▶ Required work:
Go to the line with "Help Yuan Honeywell" in the entries below and write out every line from there through the line with "ECSTASY Снежинск", exactly and without pictures.

▶ Material provided:
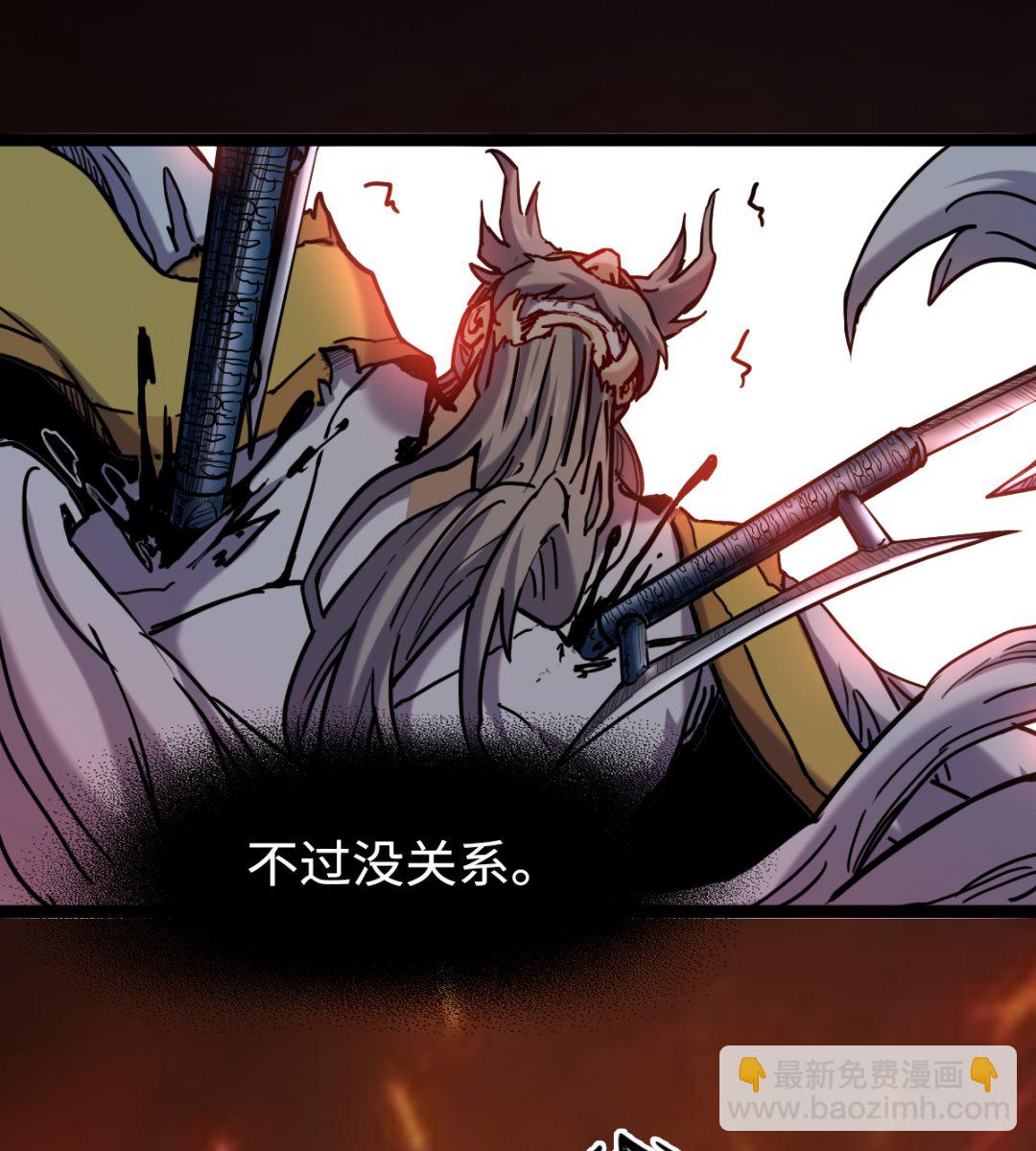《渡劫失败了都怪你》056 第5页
* * *
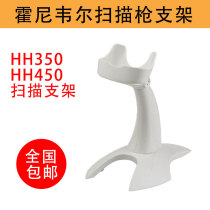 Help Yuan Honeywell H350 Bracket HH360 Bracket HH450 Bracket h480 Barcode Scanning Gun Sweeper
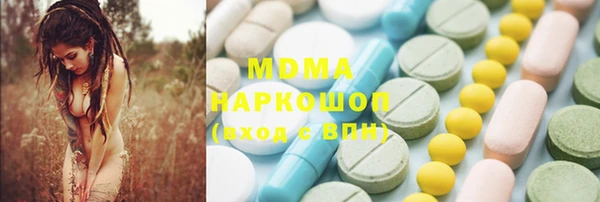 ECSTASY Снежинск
---
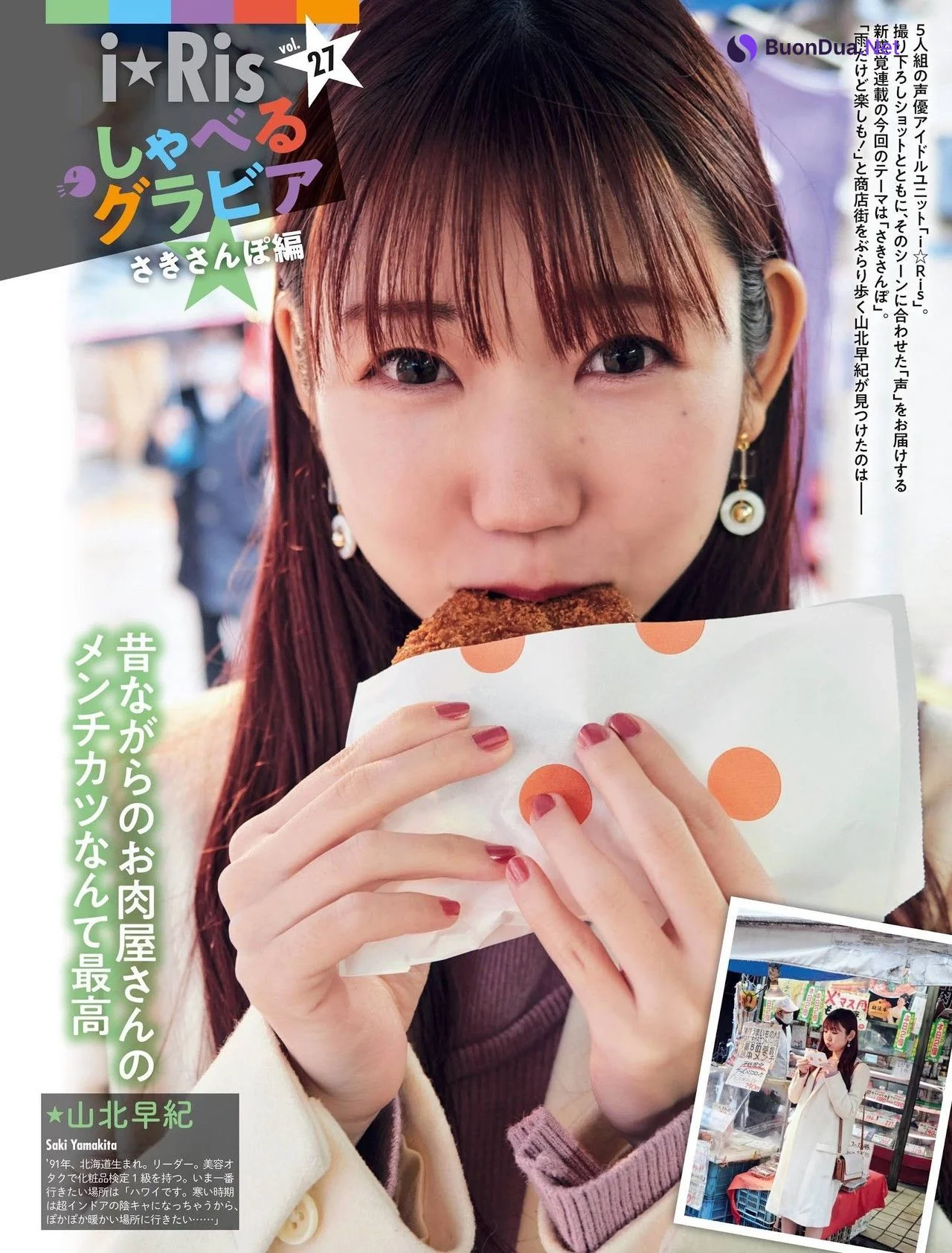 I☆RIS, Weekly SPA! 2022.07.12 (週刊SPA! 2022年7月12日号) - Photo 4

▶ Finished exercise:
 Help Yuan Honeywell H350 Bracket HH360 Bracket HH450 Bracket h480 Barcode Scanning Gun Sweeper
 ECSTASY Снежинск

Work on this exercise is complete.